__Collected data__
-=-=-
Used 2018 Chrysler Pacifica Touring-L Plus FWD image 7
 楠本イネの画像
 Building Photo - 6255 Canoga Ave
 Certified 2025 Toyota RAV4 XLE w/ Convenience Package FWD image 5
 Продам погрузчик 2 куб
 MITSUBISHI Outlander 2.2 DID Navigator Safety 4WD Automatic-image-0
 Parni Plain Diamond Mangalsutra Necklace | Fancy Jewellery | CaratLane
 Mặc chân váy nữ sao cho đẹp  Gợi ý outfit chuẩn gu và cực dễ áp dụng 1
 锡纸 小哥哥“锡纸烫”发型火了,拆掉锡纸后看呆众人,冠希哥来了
-=-=-
__TASK TO COMPLETE__
Each entry must appear again in the answer exactly as written.

__EXPECTED OUTPUT__
Used 2018 Chrysler Pacifica Touring-L Plus FWD image 7
 楠本イネの画像
 Building Photo - 6255 Canoga Ave
 Certified 2025 Toyota RAV4 XLE w/ Convenience Package FWD image 5
 Продам погрузчик 2 куб
 MITSUBISHI Outlander 2.2 DID Navigator Safety 4WD Automatic-image-0
 Parni Plain Diamond Mangalsutra Necklace | Fancy Jewellery | CaratLane
 Mặc chân váy nữ sao cho đẹp  Gợi ý outfit chuẩn gu và cực dễ áp dụng 1
 锡纸 小哥哥“锡纸烫”发型火了,拆掉锡纸后看呆众人,冠希哥来了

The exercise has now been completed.